Recorded data.

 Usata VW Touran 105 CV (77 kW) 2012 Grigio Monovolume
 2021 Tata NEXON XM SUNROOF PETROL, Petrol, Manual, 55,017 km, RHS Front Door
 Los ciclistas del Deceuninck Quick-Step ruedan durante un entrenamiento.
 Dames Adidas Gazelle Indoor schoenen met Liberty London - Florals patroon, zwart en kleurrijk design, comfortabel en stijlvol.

Exercise.
Copy out, exactly as given, the line containing "2021 Tata NEXON" together with every line after it in the material.

Response to the task.
 2021 Tata NEXON XM SUNROOF PETROL, Petrol, Manual, 55,017 km, RHS Front Door
 Los ciclistas del Deceuninck Quick-Step ruedan durante un entrenamiento.
 Dames Adidas Gazelle Indoor schoenen met Liberty London - Florals patroon, zwart en kleurrijk design, comfortabel en stijlvol.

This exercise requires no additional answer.